Monday, December 31, 2007

Special Forces in Pakistan

The Diane Rehm show on Friday did an hour on Pakistan which I listened to on Friday night. It's worth a listen. And interestingly to me the subject of US Special Forces in Pakistan came up because of questions about a. turning up the heat on Musharaff and b. the US going in if Pakistan becomes more unstable.

Some highlights

  • Dr. Marvin Weinbaum, Afghanistan and Pakistan analyst and scholar at Middle East Institute – on turning up the heat on Musaraff – (at about 35:00) I want to stress that the US has to be very careful at this point. A very visible set of conditions on Pakistan might very well backfire. Any suggestion that the US may be violating the territorial sovereignty would be surely an explosive issue in Pakistan.
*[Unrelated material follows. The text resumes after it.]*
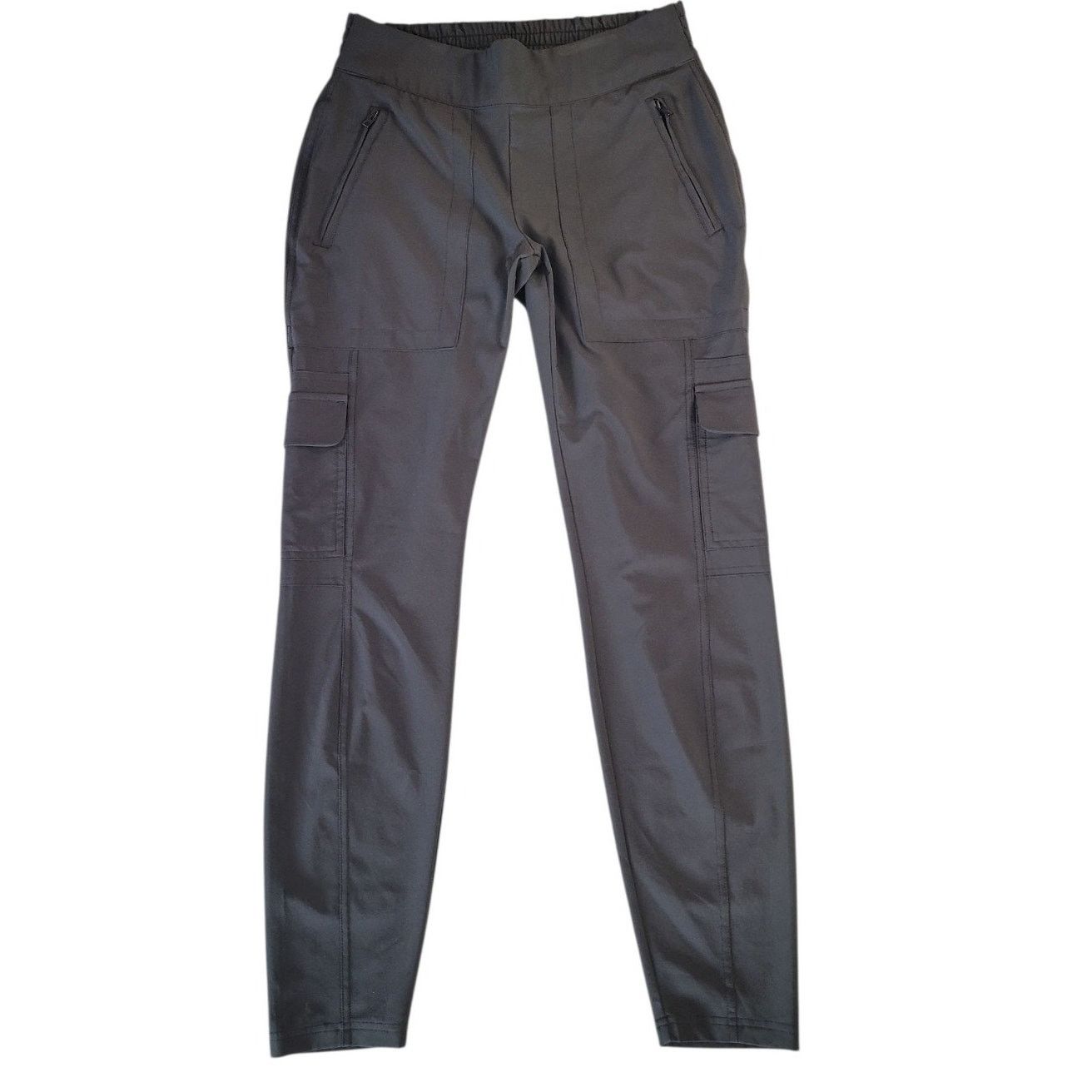 Athleta Athleta Cargo Pants Size 2 Black Travel Hiking Gorpcore Tech Size 26" / US 2 / IT 38 - 1 Thumbnail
At this stage, because of the low stock of the US, everything we do is misconstrued.
  • Shuja Nawaz, Pakistani journalist and author of the forthcoming book, "Crossed Swords: Pakistan, its Army, and the Wars Within" – Assertion: Efforts to work with, prop up Musharaff, has not led to progress to any of the avenues the US is pursuing. He agreed. The emphasis was on military aid and giving money to the Pakistan army, without sitting down and determining benchmarks and objectives. To transform and increase the capacity of the frontier corp, who have trouble fighting their own people. In that area the key issue is not military – it’s political and economic. That’s where the solution is.
  • Anthony Cordesman, senior fellow at the Center for Strategic and International Studies said in response to a question should “swat teams” be poised to go in, if the situation deteriorates and becomes more unstable? Cordesman answered it wouldn’t be a swat team, that is a specialized police force. Sending in Special Forces would be an absolute nightmare (40:45) First, there’s no way you can do this covertly…If the United States would do that, there’s no way to know how the military would react to an incursion that deep into Pakistan’s sovereignty. How would Pakistan react over the months and years to come, there's very little chance of last success. Re, Pakistan’s nuclear arsenal – he said people keep raising the issue because nuclear weapons are so dangerous, not because Pakistan has shown any negligence or failed to organize it’s forces to provide effective protection.
Okay - I just have to say the name A.Q. Kahn. See The Wrath of Kahn by William Langewiesche or this New York Times review of his book, The Atomic Bazaar.

And I guess they'd not seen the blog I'd seen last week. I wrote about it here. And on the Chris Matthews Show on Sunday, Joe Klein reported the same thing - in the segment at the end - out of the reporters notebook, "tell me something I don't know" - Klein said that Special Forces were primed to go in. The transcript is not yet available. When it is, I'll link it.